Abstract: add the PROSPERO registry.

Keywords: replace "lung cancer" with "non-small cell lung cancer". Add "systematic review".

Introduction: comment on which patients the KRAS mutations appear in. Some of them are more associated with smokers than others. It is important to take this into account.

Introduction: indicate that ESMO currently recommends it for second-line treatment and depending on which clinical trials this approval is given.

Materials and methods: put the inclusion and exclusion criteria at different points.

Results: the arrows in the flowchart are not correctly displayed.

Results: I would put supplementary figure 10 in the main text.

Author Response

Dear Prof. Dr. Andreas Kjaer,

 

We submit a revision of our manuscript entitled " Prognostic Role of KRAS G12C Mutation in Non-Small Cell Lung Cancer- A Systematic Review and Meta-analysis" (Manuscript ID Diagnostics-2590728). The updated manuscript is attached, with revisions highlighted. We thank you and the reviewer for their insightful commentary and appreciate the opportunity to respond to the comments.

 

Thank you for your consideration.

Sincerely,

Dr. Durgesh Wankhede

 

General note:  The changes in the manuscript have been highlighted, and Figure 1 and Table 1 have been modified as per the reviewers' comments; however, it has not been highlighted. The most up-to-date figure and table are re-attached.

 

 

 

Reviewer-2

 

1. Abstract: add the PROSPERO registry.

Response: The authors appreciate the reviewer’s comments and have added the information in the revised manuscript. (Page 1, line 22)

2. Keywords: replace "lung cancer" with "non-small cell lung cancer". Add "systematic review".

Response: The authors appreciate the reviewer’s comments and have added the information in the revised manuscript. (Page 1, lines 36)

3. Introduction: comment on which patients the KRAS mutations appear in.

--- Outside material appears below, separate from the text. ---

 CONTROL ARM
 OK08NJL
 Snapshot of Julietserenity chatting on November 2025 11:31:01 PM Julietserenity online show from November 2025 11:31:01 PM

Some of them are more associated with smokers than others. It is important to take this into account.

Response: The authors thank the reviewer’s comments and have added the information in the revised manuscript. (page 1, lines 45-46, page 2, 57-59)

4. Introduction: indicate that ESMO currently recommends it for second-line treatment and depending on which clinical trials this approval is given.

Response: The authors thank the reviewer’s comments and have added the information in the revised manuscript. (Page 2, lines 69-71)

“Similarly, based on the results of the CodeBreak200 trial (n = 345), ESMO guidelines recommend sotorasib as second-line therapy for advanced NSCLC patients with mKRAS G12C[26,27].”

5. Materials and methods: put the inclusion and exclusion criteria at different points.

Response: The authors thank the reviewer’s comments and have formatted the information in the revised manuscript. (Pages 2-3, lines 93-108)

6. Results: the arrows in the flowchart are not correctly displayed.

Response: The authors appreciate the reviewer’s comments and have revised the figure.

7. Results: I would put supplementary figure 10 in the main text.

Response: The authors appreciate the reviewer’s comments and have added the figure in the revised manuscript.